その笑顔は長続きしなかった。ふぅっと息を吐き出し、サクラは前を見据えた。ミオも同じように視線を見えてきたゲートへと移す。
あんなにしっかりと繋いでいたというのに、離れるのは余りにもあっけなく解かれた。
「楽しかった……ほんとに、あっという間だった……」
「……」
「ミオ、今日はありがとう」
ゲートの手前には執事であるコテツが待ち構えていた。
それは分かっていた事なのに落胆が大きい。
このまま離れたくなかった、だけど、だからといってこのまま時間を引き伸ばす事は出来ない。

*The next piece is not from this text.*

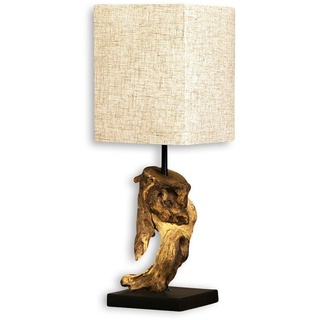 levandeo Lampe Tischlampe aus Holz Holzlampe Treibholz 45cm beige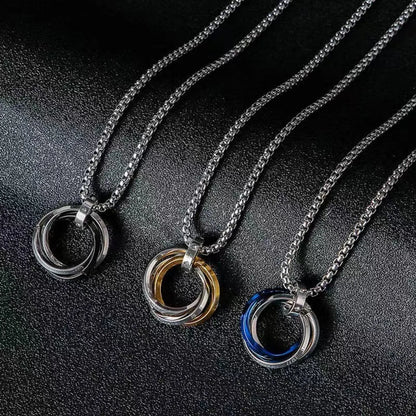 Hip-hop Round Alloy Plating Men's Pendant Necklace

例えパーク内に居座っていた所であと1時間もすればこの中にはいられなくなる。その後どうすればいいのかなんて高校生のミオには分からない。
この場では別れるしかないのだ。
「こちらこそ……ありがとうございました……」
それは精一杯の強がり。まだ一緒にいてください、そう言いそうになる気持ちを抑え込んで、ミオは笑顔を作った。
「また、学校で」
「はい……」
出迎えた執事はサクラに恭しく礼をした後、儀礼的にミオにも会釈をしてきた。
サクラはコテツに促されるようにゲートへ向かい歩き出す。
ミオは追いかけたい衝動を堪えるように拳を握りしめ、二人を見送った。
「犬塚様」
「?!」
「執事の柏木です、寮までお送り致します」
「……あ、はい……ありがとうございます」
いつの間にか横にはここまで送ってくれた初老の執事が立っていた。
先に歩き出す柏木の後に続きミオもゲートを潜る。
何だか夢を見ていた気分だ。
だけど、最後に繋いだ手の温もりはちゃんと覚えている。幼少の頃の思い出と重なり寂しかった気持ちが少しだけ薄れる。
夢じゃない。
夢じゃないから。
振り返ると柔らかい光に照らされたパークが見えた。次に来た時はもっと思い出を作りたい。
ミオは気持ちを切り替えるように、力強く歩き出した。